For me, Ahiram goes way back. Back to when to when Michael and I were newly married, back to before the story was on paper. Back to the kitchen, where we stood washing dishes and I would hear the story evolve, undergo transformations with every telling, and discover new events every time I would hear the tale again. I quickly became attached to Ahiram and his grand adventure, and so I was thrilled when the writing began. I wanted our children to meet this character I had come to know so well.

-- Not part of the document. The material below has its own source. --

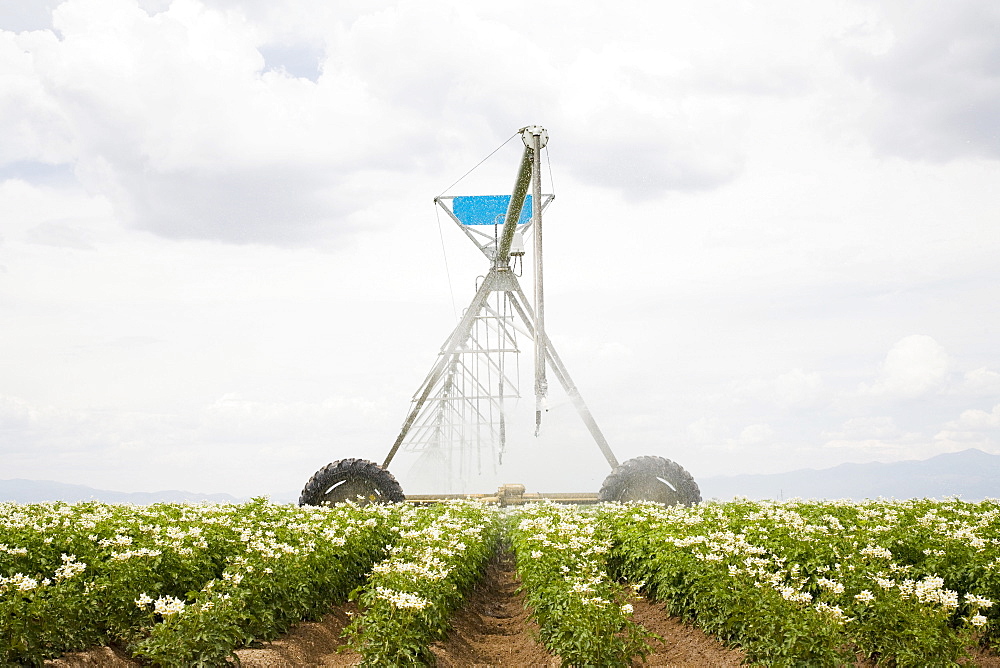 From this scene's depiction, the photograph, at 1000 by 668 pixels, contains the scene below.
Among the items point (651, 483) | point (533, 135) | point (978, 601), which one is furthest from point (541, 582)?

However, the first time I heard the story read to me, I was disappointed. The story had changed again: what I had heard was merely the outline of the story, its skeleton. I wanted to get to the fantastical end: now, I would have to wait! What started as a trilogy became five books, then eight, and eventually, it would take ten books to finally hear the conclusion of this extraordinary feat. But in the meantime, I discovered new favorites characters and the story had unexpected twists, making the resolution that much more sweet.
By then, the kids had grown and were very fond of Ahiram. They loved the friendship he had with Jedark and Banimeleck. They rooted for him when he fought in battles or was mingled in some grand exploit, and they always begged for one more page during story time. It was endearing to see our brood hanging on their father's every word; nevertheless, the evenings always ended in tears thanks to the cliff hangers at the end of the chapters that were unbearable to the young readership.